Fallico ist überzeugt: KI wird in Zukunft eine feste Rolle in der Produktentwicklung einnehmen. «Nicht als Ersatz für menschliche Kreativität, sondern als strategisches Werkzeug zur Ideenfindung, Trendverkostung und Marktanpassung.»
Besonders in Bereichen wie Functional Food oder internationale Ready-to-Eat-Produkte sieht die Tochter der Migros weiteres Potenzial. Entscheidend sei dabei immer, dass Geschmack, Qualität und gesetzliche Anforderungen gewahrt bleiben.
Unzählige Rezepte innert kurzer Zeit
Auch der Lebensmitteltechnologe Tilo Hühn sieht in der KI-Rezeptentwicklung grosses Potenzial – er warnt aber auch vor Risiken.
Den Begriff «Künstliche Intelligenz» hält er übrigens irreführend – Hühn spricht lieber von «automatisiertem Denken».
Die KI imitiere menschliche Intelligenz, kombiniere dabei die Erfahrungen vieler und könne so neue Ansätze liefern. «Das gibt Anhaltspunkte für eine kritische Prüfung und kann zu neuen Rezepten führen.»
Eine grosse Stärke sieht Hühn in der Effizienz: KI könne innert kürzester Zeit eine Vielzahl an Rezepten simulieren – weit mehr, als ein Team von Fachleuten schaffen würde.
Besonders geeignet sei der Einsatz bei stärker verarbeiteten Produkten wie Getränken oder Fertig-Sandwiches. Dort nämlich liessen sich Rezepturen zum Beispiel durch die Variation der Saucen flexibler anpassen.
Experte warnt vor Risiken
Gleichzeitig warnt der Lebensmittel-Experte vor ethischen Fallstricken. Die Verantwortung liege bei den Menschen, die KI einsetzen.
«Wenn KI für Rezepturen gebraucht wird, die zu einer gesunden Ernährung beitragen, dann würde ich das komplett unterstützen.»
Wenn hingegen besonders zuckerhaltige Produkte oder «das nächste Suchtmittel» damit entwickelt werden, lehnt der Forscher den Einsatz ab.

Durch die Verbindung von Konsumdaten, Nutzerprofilen und Algorithmen lasse sich Ernährung zunehmend personalisieren, so Hühn.

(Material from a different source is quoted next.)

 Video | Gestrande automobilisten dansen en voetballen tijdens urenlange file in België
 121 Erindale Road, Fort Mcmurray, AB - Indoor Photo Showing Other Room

Das könne sowohl zur Förderung gesunder Ernährung als auch zur gezielten Manipulation genutzt werden.
Der Lebensmittel-Professor betont: «Was zählt, ist die Haltung hinter der Anwendung.»
Ob sich KI-generierte Rezepte bei Migrolino, Migros, Coop und Co. langfristig durchsetzen, werde sich zeigen. Für Hühn ist klar: «Diese Prozesse sind in der Welt – und sie werden mehr Raum bekommen.»
Migros plant keine neuen KI-Produkte
Anders als ihr Sprössling will die Migros derzeit nichts mehr von KI-Produkten wissen. Das 2023 eingeführte und von ChatGPT ersonnene Getränk Vivi Nova wurde zum Flop und folglich wieder aus dem Sortiment genommen.
Sprecher Tobias Ochsenbein sagt: «Solche neuartigen Produkte erzeugen oft einen anfänglichen Hype, der jedoch schnell nachlassen kann.»